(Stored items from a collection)
********

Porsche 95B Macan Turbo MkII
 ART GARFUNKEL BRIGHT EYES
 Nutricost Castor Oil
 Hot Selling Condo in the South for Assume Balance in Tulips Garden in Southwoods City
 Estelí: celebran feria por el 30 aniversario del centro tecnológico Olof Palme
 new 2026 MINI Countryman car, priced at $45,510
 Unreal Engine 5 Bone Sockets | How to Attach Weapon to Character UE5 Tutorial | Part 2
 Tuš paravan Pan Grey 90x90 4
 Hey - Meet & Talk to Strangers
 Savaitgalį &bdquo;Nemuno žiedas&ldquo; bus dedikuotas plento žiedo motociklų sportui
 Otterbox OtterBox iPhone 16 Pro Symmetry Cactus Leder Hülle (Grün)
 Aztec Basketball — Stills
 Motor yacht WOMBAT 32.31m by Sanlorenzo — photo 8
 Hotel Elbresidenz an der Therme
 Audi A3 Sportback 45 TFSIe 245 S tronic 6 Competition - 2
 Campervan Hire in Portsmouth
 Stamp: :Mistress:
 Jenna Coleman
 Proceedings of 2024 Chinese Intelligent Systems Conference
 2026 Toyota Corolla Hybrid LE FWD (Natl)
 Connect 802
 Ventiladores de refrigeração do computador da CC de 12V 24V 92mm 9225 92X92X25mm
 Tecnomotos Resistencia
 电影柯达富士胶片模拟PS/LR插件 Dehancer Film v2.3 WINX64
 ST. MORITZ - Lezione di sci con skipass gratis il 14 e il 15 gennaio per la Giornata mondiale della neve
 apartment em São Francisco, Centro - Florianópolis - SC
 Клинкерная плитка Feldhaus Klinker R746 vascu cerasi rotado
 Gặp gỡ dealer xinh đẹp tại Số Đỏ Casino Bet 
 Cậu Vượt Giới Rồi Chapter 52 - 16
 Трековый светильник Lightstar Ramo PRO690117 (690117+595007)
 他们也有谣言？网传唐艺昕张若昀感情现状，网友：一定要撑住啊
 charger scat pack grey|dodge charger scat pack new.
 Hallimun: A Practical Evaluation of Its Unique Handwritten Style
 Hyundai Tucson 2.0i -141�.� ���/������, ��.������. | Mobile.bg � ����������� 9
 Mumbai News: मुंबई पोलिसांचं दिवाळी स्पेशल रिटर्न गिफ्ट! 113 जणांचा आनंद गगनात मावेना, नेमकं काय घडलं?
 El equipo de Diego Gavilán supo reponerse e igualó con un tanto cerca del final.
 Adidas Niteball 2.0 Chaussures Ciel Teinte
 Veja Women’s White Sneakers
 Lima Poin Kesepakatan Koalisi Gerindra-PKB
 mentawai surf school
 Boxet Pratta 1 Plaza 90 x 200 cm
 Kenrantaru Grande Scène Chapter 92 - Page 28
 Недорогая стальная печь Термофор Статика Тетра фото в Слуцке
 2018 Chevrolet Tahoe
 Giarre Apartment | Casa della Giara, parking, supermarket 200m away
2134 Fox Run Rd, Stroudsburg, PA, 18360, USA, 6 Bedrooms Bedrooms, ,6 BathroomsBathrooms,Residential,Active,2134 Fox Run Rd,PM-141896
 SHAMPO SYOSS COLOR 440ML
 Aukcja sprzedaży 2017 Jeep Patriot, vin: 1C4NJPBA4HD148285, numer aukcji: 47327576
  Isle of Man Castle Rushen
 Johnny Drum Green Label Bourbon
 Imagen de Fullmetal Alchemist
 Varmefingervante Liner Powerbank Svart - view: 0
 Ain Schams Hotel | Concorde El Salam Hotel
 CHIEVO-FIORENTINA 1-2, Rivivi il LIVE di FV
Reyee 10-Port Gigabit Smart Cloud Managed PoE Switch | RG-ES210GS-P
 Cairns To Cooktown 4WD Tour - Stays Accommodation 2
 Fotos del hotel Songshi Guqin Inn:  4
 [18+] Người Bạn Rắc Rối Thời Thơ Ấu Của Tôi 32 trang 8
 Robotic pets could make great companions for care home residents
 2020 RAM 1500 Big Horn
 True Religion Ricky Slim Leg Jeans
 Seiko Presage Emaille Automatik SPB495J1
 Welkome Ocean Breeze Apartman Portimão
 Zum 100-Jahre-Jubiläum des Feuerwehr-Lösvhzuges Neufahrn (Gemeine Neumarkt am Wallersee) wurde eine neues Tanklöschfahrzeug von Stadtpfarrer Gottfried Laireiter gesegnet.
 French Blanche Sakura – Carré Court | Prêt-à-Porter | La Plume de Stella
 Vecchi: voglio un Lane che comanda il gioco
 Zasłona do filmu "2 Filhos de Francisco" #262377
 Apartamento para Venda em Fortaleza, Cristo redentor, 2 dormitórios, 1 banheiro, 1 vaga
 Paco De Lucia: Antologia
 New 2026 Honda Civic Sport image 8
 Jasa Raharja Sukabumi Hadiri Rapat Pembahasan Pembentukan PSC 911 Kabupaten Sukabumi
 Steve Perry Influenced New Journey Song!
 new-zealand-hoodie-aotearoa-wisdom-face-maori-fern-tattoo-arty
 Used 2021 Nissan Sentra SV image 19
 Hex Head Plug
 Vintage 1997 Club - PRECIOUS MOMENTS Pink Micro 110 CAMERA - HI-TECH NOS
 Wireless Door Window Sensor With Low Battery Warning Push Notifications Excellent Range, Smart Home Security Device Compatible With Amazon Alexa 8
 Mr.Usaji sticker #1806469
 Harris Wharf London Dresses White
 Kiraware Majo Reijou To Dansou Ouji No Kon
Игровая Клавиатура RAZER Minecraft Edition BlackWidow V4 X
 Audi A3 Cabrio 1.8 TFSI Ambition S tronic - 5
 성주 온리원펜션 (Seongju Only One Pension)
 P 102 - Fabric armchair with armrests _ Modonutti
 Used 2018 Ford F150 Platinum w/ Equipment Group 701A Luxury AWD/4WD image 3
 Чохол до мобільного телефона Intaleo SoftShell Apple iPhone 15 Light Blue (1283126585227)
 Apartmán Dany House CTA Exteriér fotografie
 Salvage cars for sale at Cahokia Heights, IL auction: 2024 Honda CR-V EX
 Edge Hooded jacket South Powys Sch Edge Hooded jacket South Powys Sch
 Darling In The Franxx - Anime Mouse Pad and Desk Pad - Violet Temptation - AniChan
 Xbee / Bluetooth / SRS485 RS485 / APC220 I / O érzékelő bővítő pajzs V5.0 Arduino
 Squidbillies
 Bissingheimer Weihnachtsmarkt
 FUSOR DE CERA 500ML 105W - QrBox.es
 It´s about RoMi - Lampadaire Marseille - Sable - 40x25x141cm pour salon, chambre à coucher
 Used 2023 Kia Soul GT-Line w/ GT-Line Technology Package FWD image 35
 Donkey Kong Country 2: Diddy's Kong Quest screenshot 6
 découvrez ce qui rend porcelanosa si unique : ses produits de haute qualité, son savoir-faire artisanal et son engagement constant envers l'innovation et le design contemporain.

********

_What to work on:_
From the records, determine the number of lines holding the word "South", and state that number only.

_Solution to this problem:_
2